The current research suggests that tests can be valuable learning events, even if learners cannot answer test
questions correctly, as long as the tested material has educational value and is followed by instruction that provides answers to the tested questions.
I know that yields the correct answer but how do I know I should divide the expression by two from the problem statement?
You could do a couple of steps forward in solving the equations but the intuitive explanation is something along the lines of: Assuming the ball costs nothing the total comes to $1. If the total is more than that then it means that both the ball and the bat have an increased price by an equal amount. So the difference from $0 of the ball is going to be half the difference between the total and $1.
No you have to solve (1.10 − 1) / 2
The ‘No’ part changes it from a clever shortcut to just being wrong. You having a more finely tuned mathematical intuition doesn’t invalidate the rudimentary simultaneous equation.
I know that yields the correct answer but how do I know I should divide the expression by two from the problem statement?
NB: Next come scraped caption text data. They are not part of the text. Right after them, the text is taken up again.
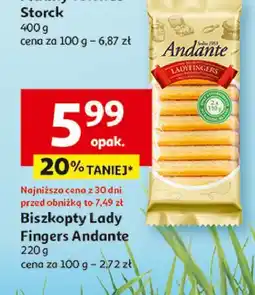 Auchan Biszkopty lady fingers Andante oferta
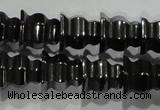 CHE241 15.5 inches 8*8mm tower hematite beads wholesale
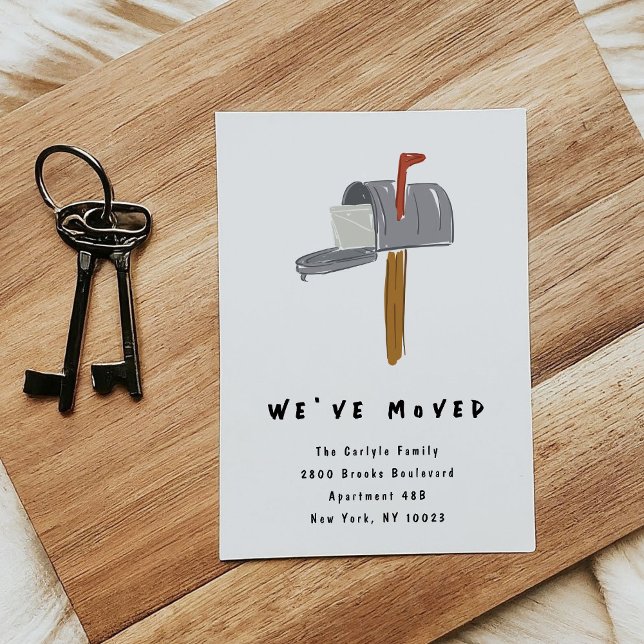 New Mailbox Illustrated Moving Announcements (New Mailbox Illustrated Moving Announcements)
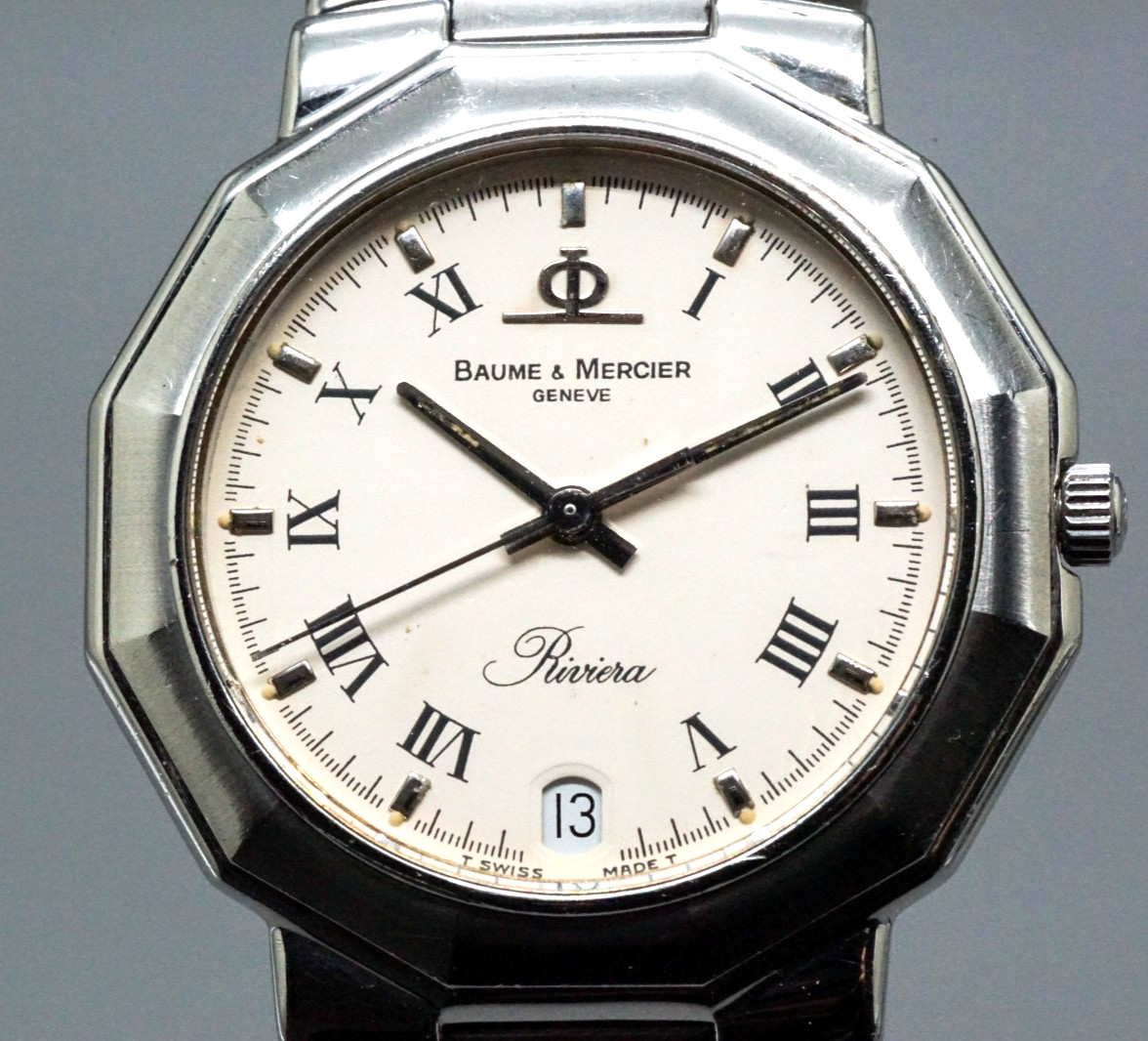 Baume & Mercier Riviera 5131.2 Vintage Quartz Men’s Watch 34mm Roman White Dial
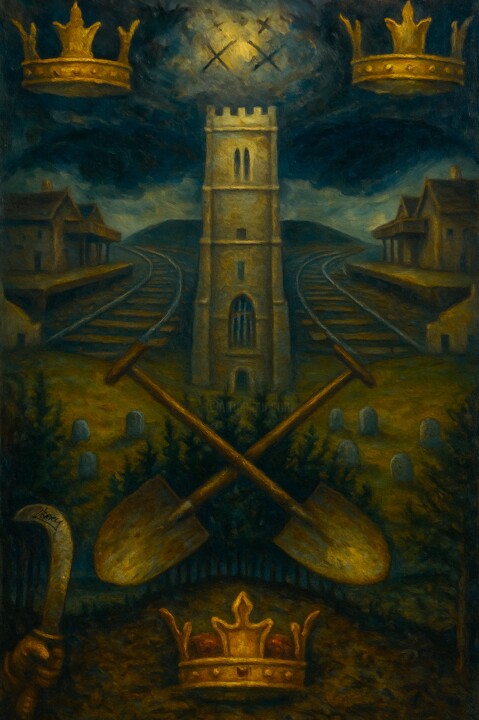 A Warning To The Curious 绘画, 21.3x14.2 in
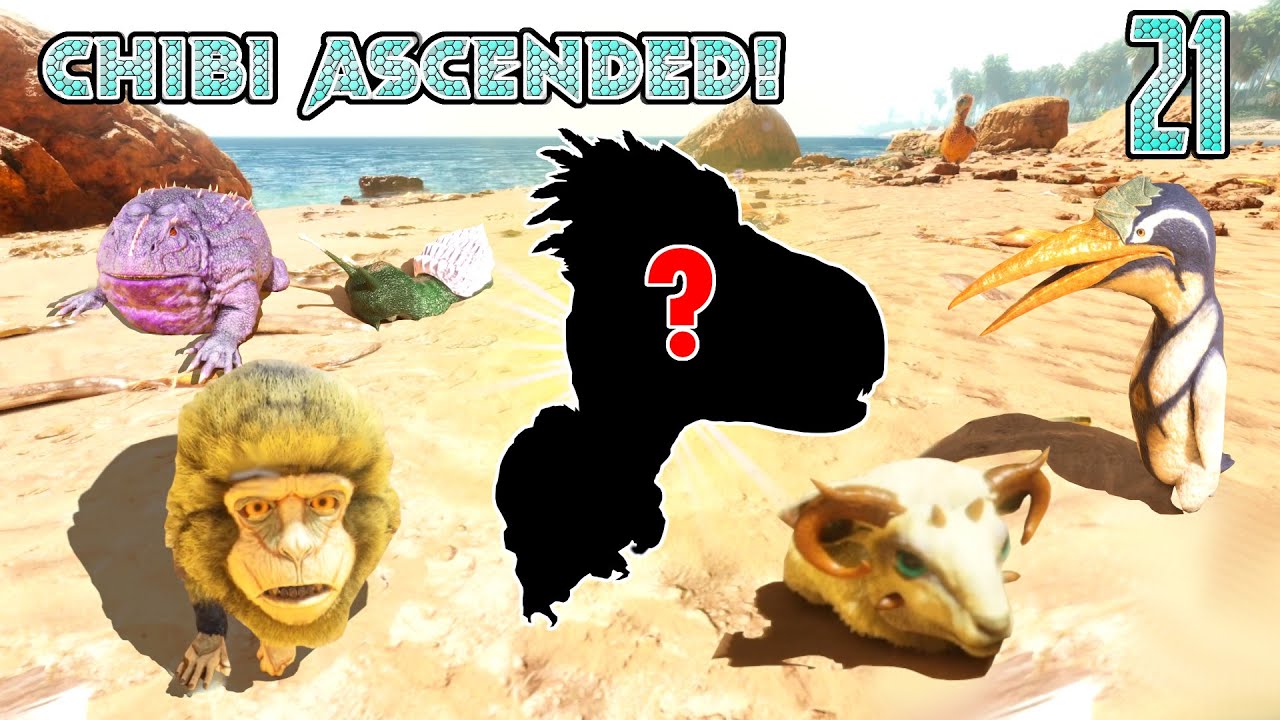 JE DÉCOUVRE LES CHIBIS DE ASCENDED MAGNIFIQUES ! [ARK ASCENDED EP-21]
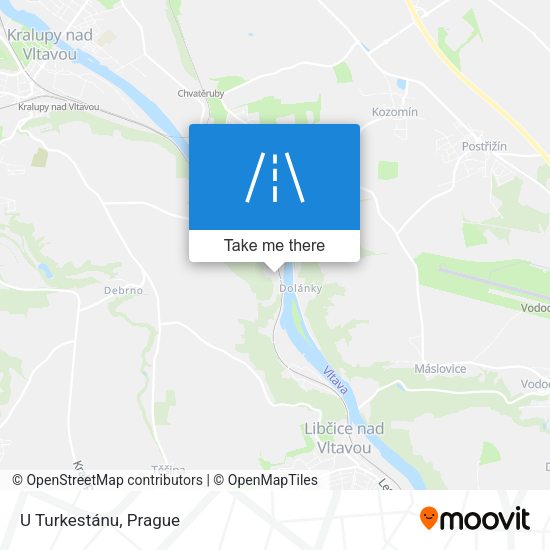 Карта U Turkestánu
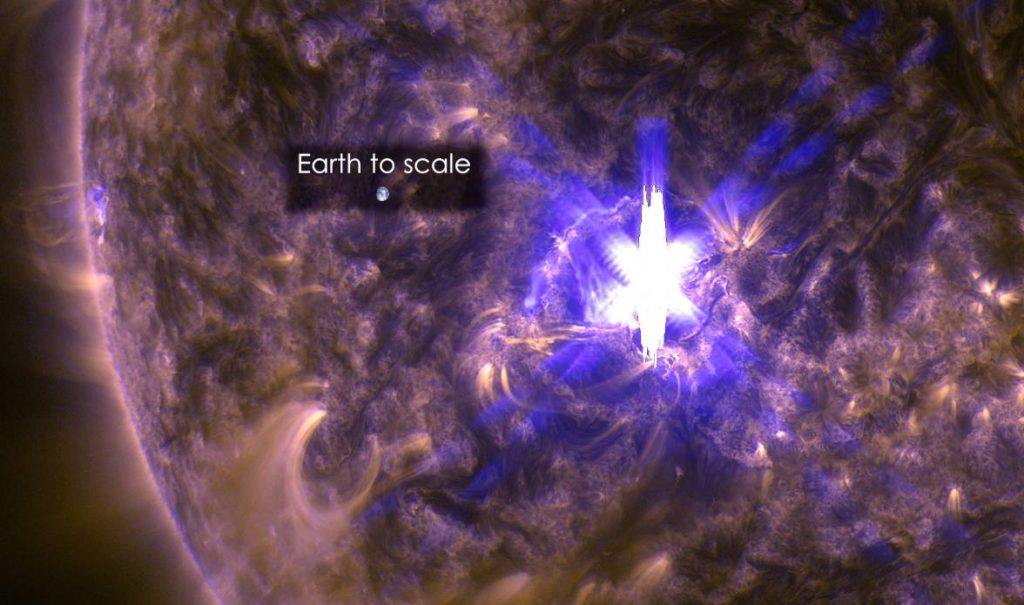 MÉTÉO ÉNERGÉTIQUE – Éruption solaire de classe X.2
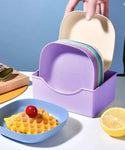 10 Pcs Multi-Usable Dining Bone Plate Set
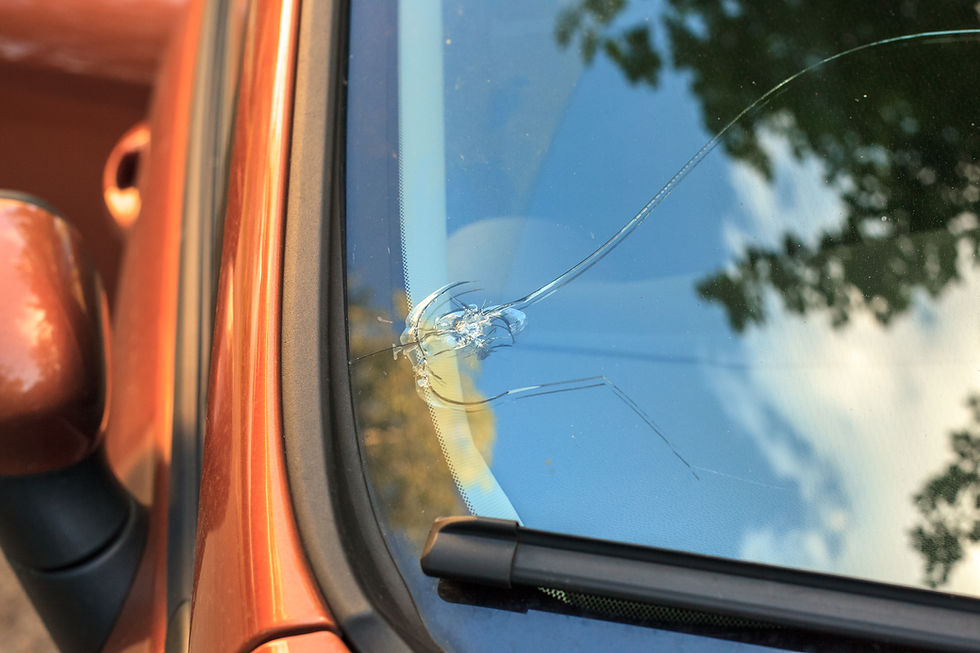 cracked windscreen
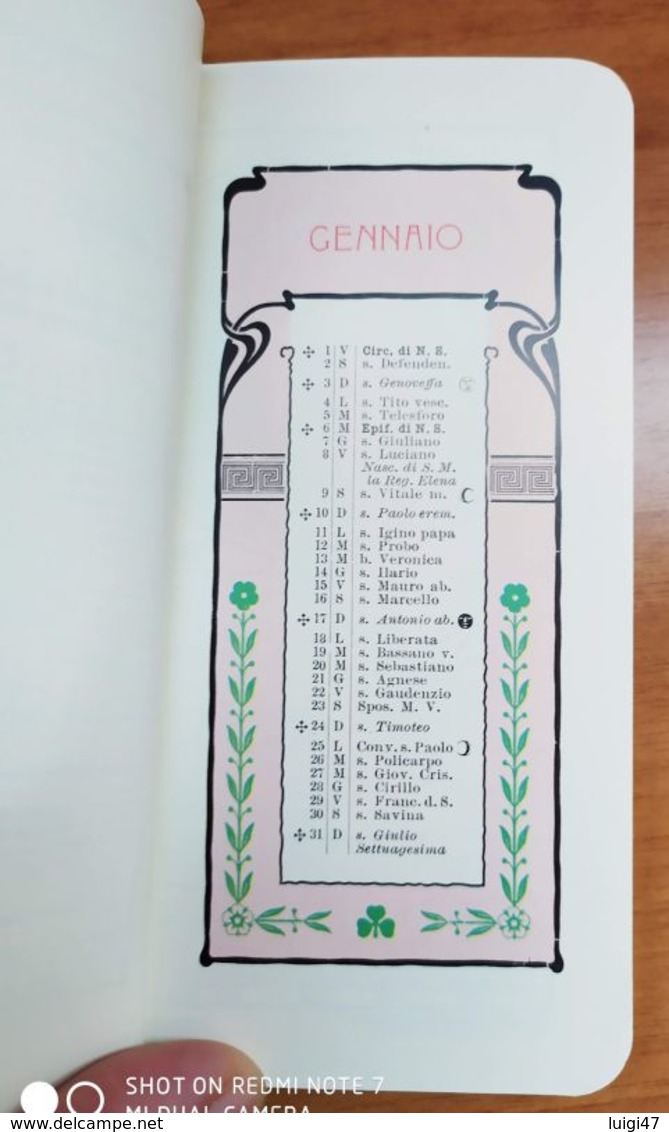 1904 - Calendario Atlante De Agostini - Petit Format : 1901-20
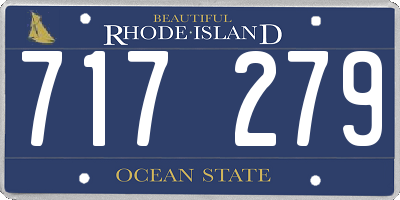 RI license plate 717279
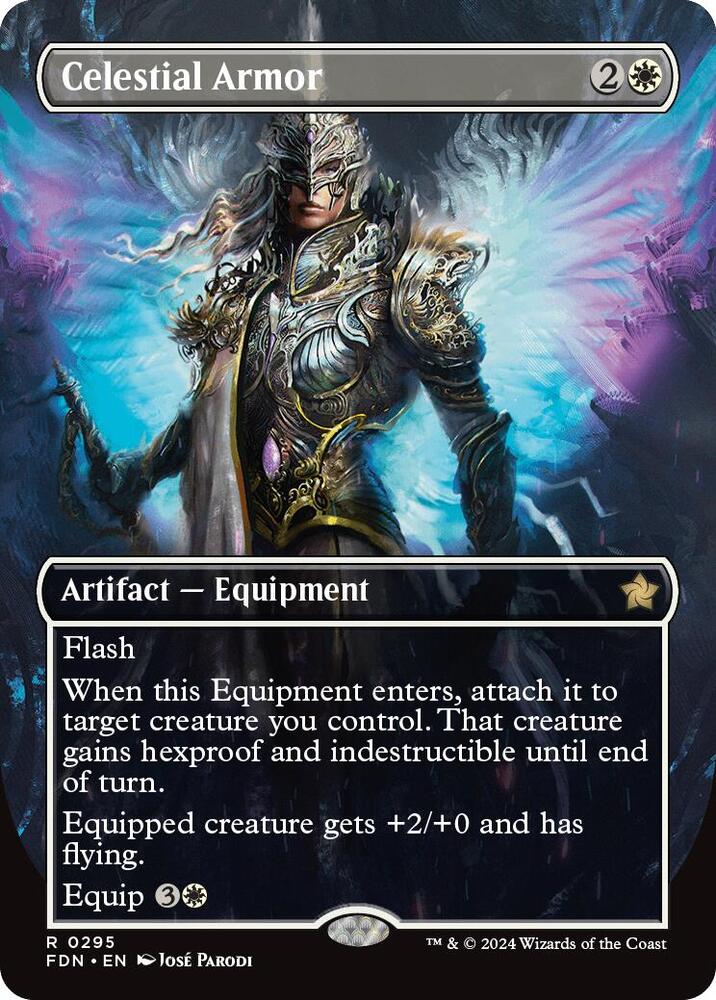 Celestial Armor (Borderless) [Foundations] 295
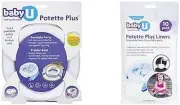 Babyu Potette plus 2-In-1 Portable Potty + Babyu Potette plus Liner, 10 Count...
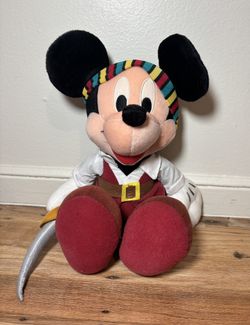 NWT Disney Mickey Pirate Plush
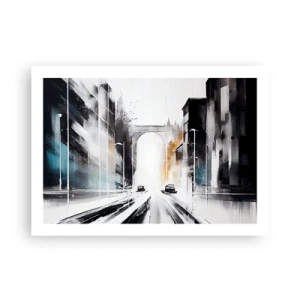 Affiche - Poster - Étude de ville : architecture et mouvement - 70x50 cm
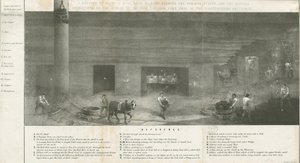 Bilston - een sectie van Bradley Mijn (lithografie) door School English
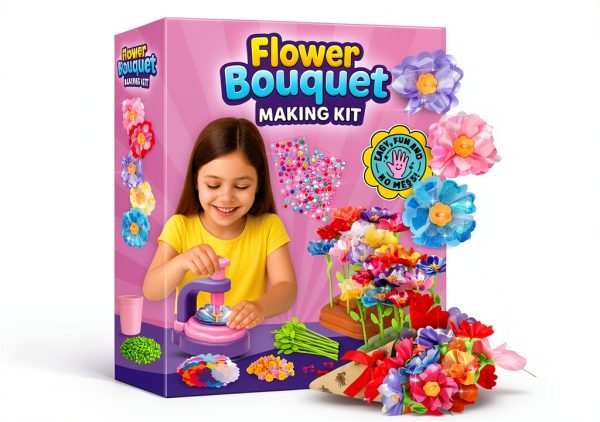 Flower Craft Kit Sprinkles Toyz Purple Press Kids-0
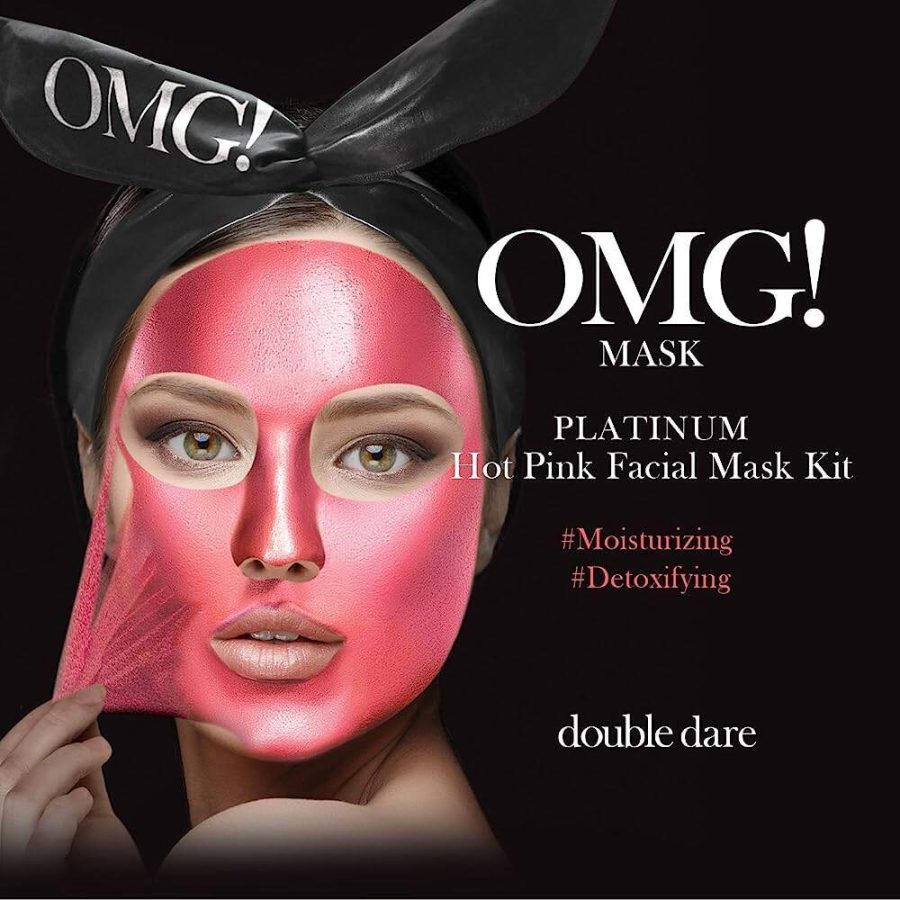 double dare OMG! Platinum Hot Pink Facial Mask Kit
You could just go at it the other way. Guess-and-check is one of the basic math strategies taught in schools, and is easy to apply to these questions:
‘I need something to answer this… 0.10 sounds good, but let’s check it first. 1+0.1 means the bat costs 1.10, and 1.10+0.10 = 1.2 - what a minute, that’s not 1.10! I better try some other values—I guess this isn’t so obvious after all!’
Right. I know how to get to a right answer but didn’t understand Tordmor’s expression.
Starting with
bat + ball = 1.10
bat = 1 + ball
substitute one into the other to eliminate it
1 + ball + ball = 1.10
simplify
1 + 2 ball = 1.10
then solve for ball
ball = (1.10 − 1)/2
then compute
ball = 0.05
This is literally how I would solve this problem. So you can see why I’m surprised people can answer it correctly on the fly.
The way it went in my head:
Huh, that’s obvious, it’s 1. Oh wait, ‘more than.’ So it’s half the remaining .10.
(Although I would say it took less time than reading that sentence takes.)
It’d be interesting if getting the wrong answer first is the quickest method of getting the right answer.
I recently read something like this, though I can’t remember where. The experiment went roughly like so:
Subjects were divided into two groups. In one, each subject was given 15 seconds to memorize an answer to a question for several seconds, and their performance recalling the answer later was recorded. In the other, each was asked to guess the answer, and was then given 7 or 8 or so seconds to memorize the correct answer. The time difference was to account for the time during which the second group’s members thought about the question.
So each person was exposed to the question for 15 seconds, in the first group, they were exposed to the answer for those same 15 seconds, in the second group, for half that.
The second group was better at recalling the answers.
I found a set of five experiments similar to the one I described. Getting the wrong answer first appears to be a good method to get to the right answer.
I get it, thanks!
You could do a couple of steps forward in solving the equations but the intuitive explanation is something along the lines of: Assuming the ball costs nothing the total comes to $1. If the total is more than that then it means that both the ball and the bat have an increased price by an equal amount. So the difference from $0 of the ball is going to be half the difference between the total and $1.